Mas, deixemos de lado o fato. O importante é que, com a aeronave no solo, uma libélula deve ter chegado e, sem aquilatar do incômodo que sua presença poderia causar, afinal não detinha bilhete de passagem para legitimar seu ingresso, ali permaneceu, discretamente escondida. Só quando a aeronave subiu é que o inseto, talvez perturbado pela altura da posição de cruzeiro, caiu na besteira de dar um voo, em busca, quem sabe, de lugar mais confortável e adaptado ao seu mecanismo de respiração.
Antes tivesse ficado parada em seu lugar, esperando a chegada no Aeroporto Salgado Filho, em Porto Alegre. Com o voo, raspou na cabeça dos passageiros dos últimos bancos, que se alvoroçaram. Senti um toque na orelha, pensando se cuidar do passageiro do banco de detrás do meu, que, num gesto involuntário, tocava na minha orelha direita. Mas, com o pouso da libélula na parte alto do banco da frente, é que percebo a presença do passageiro clandestino. Coitada da libélula. Foi caçada, sem dó nem piedade.
Imediatamente, um dos membros da tripulação avançou em sua direção. Antes mesmo que o passageiro batesse na libélula com uma revista, o tripulante já tinha disparado sua pancada.
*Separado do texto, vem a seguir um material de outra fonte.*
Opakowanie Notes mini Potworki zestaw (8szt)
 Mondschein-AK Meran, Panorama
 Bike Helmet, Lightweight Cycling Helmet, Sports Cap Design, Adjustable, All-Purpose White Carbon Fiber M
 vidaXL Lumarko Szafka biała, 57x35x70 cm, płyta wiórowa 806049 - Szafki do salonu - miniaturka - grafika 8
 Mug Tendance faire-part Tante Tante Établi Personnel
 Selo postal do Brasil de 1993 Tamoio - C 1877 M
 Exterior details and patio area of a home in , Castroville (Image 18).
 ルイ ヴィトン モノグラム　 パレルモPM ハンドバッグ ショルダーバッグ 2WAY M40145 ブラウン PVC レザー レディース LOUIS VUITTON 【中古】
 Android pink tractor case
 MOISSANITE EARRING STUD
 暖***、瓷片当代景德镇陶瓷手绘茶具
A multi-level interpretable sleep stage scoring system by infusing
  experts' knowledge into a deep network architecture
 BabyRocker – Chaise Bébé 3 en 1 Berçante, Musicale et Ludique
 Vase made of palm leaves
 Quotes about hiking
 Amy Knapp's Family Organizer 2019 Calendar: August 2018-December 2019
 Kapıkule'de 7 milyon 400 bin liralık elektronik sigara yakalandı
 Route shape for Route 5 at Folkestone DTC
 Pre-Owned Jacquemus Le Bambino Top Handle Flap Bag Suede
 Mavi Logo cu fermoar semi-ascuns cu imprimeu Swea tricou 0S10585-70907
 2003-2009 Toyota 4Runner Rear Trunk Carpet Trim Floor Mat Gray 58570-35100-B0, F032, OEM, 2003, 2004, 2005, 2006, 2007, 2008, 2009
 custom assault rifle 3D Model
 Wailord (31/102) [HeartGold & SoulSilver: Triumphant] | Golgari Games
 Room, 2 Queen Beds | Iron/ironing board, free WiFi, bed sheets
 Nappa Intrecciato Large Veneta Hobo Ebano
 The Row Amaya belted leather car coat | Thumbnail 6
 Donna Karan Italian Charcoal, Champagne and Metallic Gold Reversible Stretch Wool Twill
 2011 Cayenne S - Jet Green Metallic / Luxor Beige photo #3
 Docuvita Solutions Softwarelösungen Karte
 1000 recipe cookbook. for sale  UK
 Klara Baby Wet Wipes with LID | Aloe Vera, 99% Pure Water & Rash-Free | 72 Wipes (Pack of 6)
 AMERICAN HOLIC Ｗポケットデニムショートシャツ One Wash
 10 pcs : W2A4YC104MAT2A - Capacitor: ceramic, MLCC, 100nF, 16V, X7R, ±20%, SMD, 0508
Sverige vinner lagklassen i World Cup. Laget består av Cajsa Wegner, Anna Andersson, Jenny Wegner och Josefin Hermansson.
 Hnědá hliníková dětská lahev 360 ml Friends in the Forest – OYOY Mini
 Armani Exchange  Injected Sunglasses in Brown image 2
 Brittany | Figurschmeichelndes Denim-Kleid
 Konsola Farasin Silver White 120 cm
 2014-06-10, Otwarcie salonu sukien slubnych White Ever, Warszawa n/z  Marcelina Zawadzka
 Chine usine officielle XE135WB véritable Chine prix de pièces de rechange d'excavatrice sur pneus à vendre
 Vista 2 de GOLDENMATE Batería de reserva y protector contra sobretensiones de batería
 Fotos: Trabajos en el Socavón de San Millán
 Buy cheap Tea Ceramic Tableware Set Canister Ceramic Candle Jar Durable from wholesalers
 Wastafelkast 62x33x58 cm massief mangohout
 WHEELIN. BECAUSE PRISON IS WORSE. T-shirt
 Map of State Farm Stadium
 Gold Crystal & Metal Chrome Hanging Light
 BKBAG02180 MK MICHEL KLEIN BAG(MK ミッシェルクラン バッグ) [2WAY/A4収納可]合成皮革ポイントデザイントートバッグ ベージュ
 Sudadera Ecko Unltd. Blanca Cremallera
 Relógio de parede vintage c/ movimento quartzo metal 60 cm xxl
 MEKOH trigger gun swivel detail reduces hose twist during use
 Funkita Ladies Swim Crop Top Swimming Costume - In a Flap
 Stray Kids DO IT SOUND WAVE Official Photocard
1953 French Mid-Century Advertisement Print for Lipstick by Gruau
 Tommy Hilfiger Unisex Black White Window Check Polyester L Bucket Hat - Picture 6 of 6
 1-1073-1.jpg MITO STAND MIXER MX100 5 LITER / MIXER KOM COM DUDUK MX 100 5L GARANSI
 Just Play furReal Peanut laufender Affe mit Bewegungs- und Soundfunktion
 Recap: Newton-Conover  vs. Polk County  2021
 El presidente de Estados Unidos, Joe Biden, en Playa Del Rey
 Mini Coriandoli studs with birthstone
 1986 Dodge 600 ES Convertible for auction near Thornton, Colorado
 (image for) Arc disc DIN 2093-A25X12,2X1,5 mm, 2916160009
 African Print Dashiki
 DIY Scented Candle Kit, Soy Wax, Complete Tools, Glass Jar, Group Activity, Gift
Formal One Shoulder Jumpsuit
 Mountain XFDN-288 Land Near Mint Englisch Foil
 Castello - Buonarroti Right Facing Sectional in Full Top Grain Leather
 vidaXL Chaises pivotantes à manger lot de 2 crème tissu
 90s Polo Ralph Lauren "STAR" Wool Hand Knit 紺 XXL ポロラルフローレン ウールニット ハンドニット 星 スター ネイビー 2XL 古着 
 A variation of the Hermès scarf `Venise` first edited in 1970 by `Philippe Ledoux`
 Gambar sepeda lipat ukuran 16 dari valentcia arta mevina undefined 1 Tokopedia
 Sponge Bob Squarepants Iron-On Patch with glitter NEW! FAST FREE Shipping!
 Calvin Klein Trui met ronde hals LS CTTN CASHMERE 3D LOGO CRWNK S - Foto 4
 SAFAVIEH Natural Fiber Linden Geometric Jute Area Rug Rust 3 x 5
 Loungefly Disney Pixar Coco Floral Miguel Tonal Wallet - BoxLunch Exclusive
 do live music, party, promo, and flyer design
Só que, de forma delicada, o que provocou apenas a sua queda. A esta altura, o outro tripulante veio em seu socorro, para ajudá-lo na perseguição, dando a impressão, afinal, que o minúsculo animal perseguido era, por exemplo, uma cobra venenosa. A libélula, já sem forças, foi capturada no chão, enrolada em um papel, e, certamente, conduzidapara o vasilhame do lixo da aeronave.
Triste inseto, provavelmente foragido, quem sabe lá, do Complexo do Alemão, depois de toda a maratona policial para afugentar dali os bandidos do tráfego de drogas. Estávamos em janeiro do corrente ano. Devia descansar em algum lugar da pista do Aeroporto do Galeão, quando resolveu, numa decisão que lhe valeu a vida, se abrigar na aeronave, no que, cavou a própria sepultura, já que não permaneceu viva mais de três horas, acabando massacrada pela violência de um tripulante, esmagada em meio a uma revista e, sem o formalismo do registro da maratona vivida.
É difícil imaginar que, naquela mesma madrugada, dormiria, para sempre, tão distante do seu habitat natural, sem direito mais a voar, encontrando como sepultura o lixo do Aeroporto de Porto Alegre, lugar, provavelmente, não digno de uma libélula carioca.